In the end, as Trump’s attacks on Latina/o immigrants grew more intense throughout 2018 and the administration threatened key Democratic initiatives such as DACA and the Affordable Care Act, Latina/o support for Republican candidates declined.
At the same time the Democratic Congressional Campaign Committee invested 30million in targeted Latina/o outreach and mobilization. In other words, as the Democratic party became more racially, ethnically, religiously, and regionally diverse, the Republican party – guided by Trump’s racialized narrative – opted to constrain diversity and become more invested in whiteness, masculinity and a shrinking population of rural voters. Heading into the 2020 election season the continued investment of Trump and his Congressional allies in racialized attacks aimed at Latinas/os promises to further alienate the Republican party from the expanding Latina/o electorate and further distance the party from moderate Republicans, independents, and women who increased their support for Democratic party positions and candidates in 2018.

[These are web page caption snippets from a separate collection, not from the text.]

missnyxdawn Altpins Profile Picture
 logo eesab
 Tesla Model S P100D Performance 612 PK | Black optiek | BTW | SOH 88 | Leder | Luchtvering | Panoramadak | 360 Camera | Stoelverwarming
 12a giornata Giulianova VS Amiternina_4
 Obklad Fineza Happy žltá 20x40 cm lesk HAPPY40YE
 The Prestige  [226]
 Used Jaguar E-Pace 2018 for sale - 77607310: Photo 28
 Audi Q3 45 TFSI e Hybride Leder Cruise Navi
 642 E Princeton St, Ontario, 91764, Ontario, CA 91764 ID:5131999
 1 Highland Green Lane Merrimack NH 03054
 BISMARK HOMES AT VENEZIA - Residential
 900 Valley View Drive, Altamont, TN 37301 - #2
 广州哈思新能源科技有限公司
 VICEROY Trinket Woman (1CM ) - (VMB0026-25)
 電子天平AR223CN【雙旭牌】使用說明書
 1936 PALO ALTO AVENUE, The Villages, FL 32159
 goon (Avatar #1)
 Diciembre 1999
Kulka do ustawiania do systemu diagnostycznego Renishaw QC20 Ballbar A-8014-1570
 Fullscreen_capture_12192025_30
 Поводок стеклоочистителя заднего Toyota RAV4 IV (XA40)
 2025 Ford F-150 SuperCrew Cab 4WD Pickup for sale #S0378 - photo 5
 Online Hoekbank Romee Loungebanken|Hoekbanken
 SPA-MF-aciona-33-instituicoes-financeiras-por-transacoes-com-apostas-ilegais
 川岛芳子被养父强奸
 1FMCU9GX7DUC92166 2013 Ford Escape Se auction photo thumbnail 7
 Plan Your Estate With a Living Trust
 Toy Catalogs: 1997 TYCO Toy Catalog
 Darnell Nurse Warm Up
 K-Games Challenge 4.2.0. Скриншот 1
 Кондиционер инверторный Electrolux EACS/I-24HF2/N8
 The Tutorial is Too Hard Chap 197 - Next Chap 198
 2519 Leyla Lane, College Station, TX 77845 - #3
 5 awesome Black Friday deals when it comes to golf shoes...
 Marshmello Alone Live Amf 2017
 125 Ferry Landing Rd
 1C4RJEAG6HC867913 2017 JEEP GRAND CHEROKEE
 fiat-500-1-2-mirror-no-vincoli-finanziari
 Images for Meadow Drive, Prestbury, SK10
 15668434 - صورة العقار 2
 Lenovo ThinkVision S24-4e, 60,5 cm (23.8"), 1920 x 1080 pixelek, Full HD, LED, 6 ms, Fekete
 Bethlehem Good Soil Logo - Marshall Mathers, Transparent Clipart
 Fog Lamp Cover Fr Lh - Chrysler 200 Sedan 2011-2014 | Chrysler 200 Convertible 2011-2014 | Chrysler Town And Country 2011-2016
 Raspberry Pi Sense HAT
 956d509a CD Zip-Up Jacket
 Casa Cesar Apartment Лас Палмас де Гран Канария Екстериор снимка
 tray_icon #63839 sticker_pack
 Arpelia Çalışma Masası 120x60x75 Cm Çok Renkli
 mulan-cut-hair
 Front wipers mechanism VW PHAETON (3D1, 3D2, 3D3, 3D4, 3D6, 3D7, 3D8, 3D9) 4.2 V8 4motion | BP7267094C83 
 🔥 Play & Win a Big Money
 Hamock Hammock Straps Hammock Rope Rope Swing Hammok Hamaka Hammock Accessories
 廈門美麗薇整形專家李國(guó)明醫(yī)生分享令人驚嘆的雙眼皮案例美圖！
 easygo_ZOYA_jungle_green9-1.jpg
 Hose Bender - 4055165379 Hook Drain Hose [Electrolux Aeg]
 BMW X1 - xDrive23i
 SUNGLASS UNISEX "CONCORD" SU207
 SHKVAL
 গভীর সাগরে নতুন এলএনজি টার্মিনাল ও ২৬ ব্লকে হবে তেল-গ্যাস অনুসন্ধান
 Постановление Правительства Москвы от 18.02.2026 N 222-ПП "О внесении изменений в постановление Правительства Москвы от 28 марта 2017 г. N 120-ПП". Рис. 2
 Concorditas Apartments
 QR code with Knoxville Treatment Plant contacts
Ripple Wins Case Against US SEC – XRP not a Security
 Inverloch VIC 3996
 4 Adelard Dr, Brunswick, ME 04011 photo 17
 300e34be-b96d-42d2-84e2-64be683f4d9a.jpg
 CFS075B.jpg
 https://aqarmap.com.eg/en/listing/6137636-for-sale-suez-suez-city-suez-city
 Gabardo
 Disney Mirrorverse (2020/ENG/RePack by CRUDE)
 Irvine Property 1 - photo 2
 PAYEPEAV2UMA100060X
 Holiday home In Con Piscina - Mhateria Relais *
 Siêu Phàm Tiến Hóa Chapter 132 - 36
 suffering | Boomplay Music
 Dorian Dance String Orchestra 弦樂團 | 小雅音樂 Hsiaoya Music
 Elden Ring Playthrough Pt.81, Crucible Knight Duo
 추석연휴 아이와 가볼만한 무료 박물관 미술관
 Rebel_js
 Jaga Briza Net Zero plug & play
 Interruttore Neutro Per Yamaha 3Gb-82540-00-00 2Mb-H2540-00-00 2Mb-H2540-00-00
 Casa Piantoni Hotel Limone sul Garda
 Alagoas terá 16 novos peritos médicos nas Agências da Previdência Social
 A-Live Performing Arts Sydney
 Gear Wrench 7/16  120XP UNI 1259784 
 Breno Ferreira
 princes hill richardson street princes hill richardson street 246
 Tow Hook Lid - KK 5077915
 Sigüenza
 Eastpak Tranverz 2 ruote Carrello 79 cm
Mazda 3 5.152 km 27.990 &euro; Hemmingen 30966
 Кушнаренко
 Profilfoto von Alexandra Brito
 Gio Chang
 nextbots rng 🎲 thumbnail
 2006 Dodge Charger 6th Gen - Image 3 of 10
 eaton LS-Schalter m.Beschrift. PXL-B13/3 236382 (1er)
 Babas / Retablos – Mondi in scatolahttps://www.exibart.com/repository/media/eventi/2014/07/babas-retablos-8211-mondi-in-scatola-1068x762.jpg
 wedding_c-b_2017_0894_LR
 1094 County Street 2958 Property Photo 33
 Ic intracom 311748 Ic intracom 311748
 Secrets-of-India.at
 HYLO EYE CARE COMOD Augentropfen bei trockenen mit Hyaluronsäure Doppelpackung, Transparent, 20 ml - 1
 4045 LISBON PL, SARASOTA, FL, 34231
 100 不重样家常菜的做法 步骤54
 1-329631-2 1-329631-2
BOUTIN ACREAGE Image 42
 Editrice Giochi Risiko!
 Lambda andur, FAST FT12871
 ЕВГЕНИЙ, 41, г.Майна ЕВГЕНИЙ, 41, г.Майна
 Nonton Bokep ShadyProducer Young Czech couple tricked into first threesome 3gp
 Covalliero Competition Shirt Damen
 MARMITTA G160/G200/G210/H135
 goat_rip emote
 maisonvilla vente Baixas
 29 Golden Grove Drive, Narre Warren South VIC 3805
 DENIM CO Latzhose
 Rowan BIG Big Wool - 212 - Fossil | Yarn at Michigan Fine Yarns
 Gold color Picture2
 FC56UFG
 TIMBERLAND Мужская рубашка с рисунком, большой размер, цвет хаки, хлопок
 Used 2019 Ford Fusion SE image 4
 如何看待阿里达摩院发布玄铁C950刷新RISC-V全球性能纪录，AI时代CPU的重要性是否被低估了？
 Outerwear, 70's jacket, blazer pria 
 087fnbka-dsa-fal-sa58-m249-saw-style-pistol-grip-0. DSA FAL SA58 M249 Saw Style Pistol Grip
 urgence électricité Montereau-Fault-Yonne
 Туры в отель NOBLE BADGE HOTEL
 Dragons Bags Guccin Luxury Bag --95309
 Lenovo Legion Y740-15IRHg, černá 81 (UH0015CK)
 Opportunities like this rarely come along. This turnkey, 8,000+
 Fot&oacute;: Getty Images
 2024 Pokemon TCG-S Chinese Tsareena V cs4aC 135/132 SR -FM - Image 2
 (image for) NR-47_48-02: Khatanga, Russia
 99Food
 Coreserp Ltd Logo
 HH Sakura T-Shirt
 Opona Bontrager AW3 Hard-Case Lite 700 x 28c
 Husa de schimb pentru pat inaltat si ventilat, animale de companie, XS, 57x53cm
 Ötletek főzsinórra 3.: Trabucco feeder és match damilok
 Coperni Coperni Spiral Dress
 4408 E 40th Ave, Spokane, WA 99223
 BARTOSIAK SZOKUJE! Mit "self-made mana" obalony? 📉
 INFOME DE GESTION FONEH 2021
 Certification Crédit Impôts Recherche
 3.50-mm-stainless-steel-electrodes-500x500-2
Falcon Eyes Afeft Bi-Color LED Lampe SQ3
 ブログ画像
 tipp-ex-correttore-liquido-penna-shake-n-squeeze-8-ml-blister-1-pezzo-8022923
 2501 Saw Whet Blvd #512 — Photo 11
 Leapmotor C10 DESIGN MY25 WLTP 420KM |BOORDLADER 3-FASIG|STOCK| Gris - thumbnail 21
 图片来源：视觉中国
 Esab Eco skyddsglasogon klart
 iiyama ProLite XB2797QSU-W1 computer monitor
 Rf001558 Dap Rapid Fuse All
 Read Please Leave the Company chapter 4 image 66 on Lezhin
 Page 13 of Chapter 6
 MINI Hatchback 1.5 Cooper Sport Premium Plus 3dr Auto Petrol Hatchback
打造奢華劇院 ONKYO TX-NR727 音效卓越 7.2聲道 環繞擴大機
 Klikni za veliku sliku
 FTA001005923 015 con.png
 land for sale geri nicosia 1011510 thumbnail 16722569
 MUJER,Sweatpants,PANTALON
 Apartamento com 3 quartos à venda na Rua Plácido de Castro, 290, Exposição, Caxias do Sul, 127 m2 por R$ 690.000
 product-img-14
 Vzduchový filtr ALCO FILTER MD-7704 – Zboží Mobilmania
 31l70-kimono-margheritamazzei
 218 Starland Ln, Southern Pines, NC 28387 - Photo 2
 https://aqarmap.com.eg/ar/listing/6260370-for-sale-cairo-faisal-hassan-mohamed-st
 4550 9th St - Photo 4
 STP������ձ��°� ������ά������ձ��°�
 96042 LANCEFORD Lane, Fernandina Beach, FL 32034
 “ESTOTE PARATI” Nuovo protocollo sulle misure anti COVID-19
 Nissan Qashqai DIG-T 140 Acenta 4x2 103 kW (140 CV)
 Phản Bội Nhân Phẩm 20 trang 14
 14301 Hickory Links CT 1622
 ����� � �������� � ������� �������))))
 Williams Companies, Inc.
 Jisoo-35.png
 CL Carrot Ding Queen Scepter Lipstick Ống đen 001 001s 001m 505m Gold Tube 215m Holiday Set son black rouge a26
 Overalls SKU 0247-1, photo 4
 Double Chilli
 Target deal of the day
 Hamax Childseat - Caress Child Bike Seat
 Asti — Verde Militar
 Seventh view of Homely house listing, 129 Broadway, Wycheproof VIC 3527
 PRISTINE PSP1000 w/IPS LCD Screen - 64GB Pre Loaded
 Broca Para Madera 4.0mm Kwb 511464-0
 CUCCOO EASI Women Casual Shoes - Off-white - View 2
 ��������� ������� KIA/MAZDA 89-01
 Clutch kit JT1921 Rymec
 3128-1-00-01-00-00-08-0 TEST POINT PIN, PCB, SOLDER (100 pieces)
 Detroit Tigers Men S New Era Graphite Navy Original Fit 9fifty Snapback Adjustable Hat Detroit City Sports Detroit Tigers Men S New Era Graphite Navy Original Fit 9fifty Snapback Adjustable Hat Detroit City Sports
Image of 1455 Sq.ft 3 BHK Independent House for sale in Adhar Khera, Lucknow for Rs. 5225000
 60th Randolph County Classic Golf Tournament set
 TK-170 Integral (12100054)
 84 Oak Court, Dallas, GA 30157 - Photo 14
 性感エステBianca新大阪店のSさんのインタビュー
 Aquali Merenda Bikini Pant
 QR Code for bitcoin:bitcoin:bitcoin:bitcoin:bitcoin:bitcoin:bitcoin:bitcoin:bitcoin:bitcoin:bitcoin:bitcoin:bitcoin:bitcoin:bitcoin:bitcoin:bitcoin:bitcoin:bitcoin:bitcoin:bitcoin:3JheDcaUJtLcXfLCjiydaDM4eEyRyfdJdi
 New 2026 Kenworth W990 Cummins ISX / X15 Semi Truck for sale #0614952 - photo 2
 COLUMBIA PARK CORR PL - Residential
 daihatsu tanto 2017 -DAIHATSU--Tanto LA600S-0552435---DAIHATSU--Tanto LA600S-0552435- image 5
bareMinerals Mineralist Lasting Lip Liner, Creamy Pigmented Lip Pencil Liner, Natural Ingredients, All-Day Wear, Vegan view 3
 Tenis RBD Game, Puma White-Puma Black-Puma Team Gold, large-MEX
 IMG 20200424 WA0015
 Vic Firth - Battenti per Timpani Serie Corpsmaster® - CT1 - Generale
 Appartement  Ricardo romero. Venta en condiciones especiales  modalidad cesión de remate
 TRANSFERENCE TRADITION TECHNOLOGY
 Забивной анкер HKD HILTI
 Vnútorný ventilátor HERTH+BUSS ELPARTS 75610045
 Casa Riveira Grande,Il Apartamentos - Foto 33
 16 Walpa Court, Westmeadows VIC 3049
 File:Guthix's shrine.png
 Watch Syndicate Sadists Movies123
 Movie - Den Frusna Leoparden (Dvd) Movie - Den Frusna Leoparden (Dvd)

Ultimately, the historic government shutdown that did lasting damage to the economy and hundreds of thousands of Americans prompted by Trump’s insistence that Congress allocate $5.6 billion for a border wall, underscores the degenerative nature of Trump’s attacks to both the Republican party and the country. It is a strategy that helped fuel resounding Republican defeats in 2018, dominates the party’s domestic agenda, and is crushing the future of the Republican party.